**What is required:** After reading the entries below, copy word for word the lines from the first through the line containing "desert popular resort and camp", and stop there.

BEGIN Available records

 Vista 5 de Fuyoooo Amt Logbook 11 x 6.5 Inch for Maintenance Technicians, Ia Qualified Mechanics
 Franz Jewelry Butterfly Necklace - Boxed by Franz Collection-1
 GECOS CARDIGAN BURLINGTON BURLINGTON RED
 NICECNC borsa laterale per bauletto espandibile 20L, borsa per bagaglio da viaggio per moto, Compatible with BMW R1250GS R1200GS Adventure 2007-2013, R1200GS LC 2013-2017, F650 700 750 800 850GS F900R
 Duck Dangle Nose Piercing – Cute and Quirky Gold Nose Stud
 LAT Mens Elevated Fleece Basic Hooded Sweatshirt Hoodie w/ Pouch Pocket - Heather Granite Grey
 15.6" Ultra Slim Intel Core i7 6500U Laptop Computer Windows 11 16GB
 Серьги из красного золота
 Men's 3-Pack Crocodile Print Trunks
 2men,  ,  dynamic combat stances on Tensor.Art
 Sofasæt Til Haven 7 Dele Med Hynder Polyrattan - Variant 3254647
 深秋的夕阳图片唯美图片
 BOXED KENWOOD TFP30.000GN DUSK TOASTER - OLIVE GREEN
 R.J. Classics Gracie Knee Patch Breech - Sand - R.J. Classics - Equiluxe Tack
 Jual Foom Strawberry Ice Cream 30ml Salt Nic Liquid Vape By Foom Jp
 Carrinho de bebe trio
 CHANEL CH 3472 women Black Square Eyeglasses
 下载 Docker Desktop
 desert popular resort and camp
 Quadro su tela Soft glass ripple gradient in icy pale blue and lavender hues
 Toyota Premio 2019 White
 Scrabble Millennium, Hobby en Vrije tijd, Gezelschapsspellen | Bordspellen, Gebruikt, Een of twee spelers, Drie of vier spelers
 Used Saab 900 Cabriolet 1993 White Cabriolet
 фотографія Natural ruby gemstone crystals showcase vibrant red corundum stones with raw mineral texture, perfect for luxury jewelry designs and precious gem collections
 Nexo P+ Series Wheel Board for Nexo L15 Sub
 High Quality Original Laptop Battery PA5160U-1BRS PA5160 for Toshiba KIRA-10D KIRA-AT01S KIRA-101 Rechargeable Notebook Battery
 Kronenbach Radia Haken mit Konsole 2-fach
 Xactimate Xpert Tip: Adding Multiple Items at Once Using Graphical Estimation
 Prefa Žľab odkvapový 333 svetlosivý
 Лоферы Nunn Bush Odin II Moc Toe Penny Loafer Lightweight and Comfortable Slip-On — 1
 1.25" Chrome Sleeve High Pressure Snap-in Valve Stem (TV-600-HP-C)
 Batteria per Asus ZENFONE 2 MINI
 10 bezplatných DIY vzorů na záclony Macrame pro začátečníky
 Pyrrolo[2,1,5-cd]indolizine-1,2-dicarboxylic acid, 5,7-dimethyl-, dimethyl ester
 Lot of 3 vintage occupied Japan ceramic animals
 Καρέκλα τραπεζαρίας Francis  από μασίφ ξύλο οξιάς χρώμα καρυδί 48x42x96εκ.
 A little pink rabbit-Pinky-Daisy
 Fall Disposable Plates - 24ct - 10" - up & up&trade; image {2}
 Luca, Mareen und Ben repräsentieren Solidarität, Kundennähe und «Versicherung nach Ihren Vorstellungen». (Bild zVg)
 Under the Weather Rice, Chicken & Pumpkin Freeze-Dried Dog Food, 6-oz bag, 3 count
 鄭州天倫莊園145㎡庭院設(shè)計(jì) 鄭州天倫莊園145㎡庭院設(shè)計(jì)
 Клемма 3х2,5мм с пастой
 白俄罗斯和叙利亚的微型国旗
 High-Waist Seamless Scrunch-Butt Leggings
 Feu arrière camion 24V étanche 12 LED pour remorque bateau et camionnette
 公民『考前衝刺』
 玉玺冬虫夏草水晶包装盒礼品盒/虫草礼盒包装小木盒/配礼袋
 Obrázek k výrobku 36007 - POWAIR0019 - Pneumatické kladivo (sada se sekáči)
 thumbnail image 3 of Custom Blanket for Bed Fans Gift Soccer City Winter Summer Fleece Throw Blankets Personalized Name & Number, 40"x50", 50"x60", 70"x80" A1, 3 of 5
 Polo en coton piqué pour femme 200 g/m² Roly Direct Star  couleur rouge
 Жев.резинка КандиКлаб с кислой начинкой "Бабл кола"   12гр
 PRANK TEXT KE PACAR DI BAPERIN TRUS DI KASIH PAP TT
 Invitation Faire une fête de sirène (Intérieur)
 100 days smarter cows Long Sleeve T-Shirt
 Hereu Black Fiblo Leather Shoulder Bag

END Available records

**Your response:**
 Vista 5 de Fuyoooo Amt Logbook 11 x 6.5 Inch for Maintenance Technicians, Ia Qualified Mechanics
 Franz Jewelry Butterfly Necklace - Boxed by Franz Collection-1
 GECOS CARDIGAN BURLINGTON BURLINGTON RED
 NICECNC borsa laterale per bauletto espandibile 20L, borsa per bagaglio da viaggio per moto, Compatible with BMW R1250GS R1200GS Adventure 2007-2013, R1200GS LC 2013-2017, F650 700 750 800 850GS F900R
 Duck Dangle Nose Piercing – Cute and Quirky Gold Nose Stud
 LAT Mens Elevated Fleece Basic Hooded Sweatshirt Hoodie w/ Pouch Pocket - Heather Granite Grey
 15.6" Ultra Slim Intel Core i7 6500U Laptop Computer Windows 11 16GB
 Серьги из красного золота
 Men's 3-Pack Crocodile Print Trunks
 2men,  ,  dynamic combat stances on Tensor.Art
 Sofasæt Til Haven 7 Dele Med Hynder Polyrattan - Variant 3254647
 深秋的夕阳图片唯美图片
 BOXED KENWOOD TFP30.000GN DUSK TOASTER - OLIVE GREEN
 R.J. Classics Gracie Knee Patch Breech - Sand - R.J. Classics - Equiluxe Tack
 Jual Foom Strawberry Ice Cream 30ml Salt Nic Liquid Vape By Foom Jp
 Carrinho de bebe trio
 CHANEL CH 3472 women Black Square Eyeglasses
 下载 Docker Desktop
 desert popular resort and camp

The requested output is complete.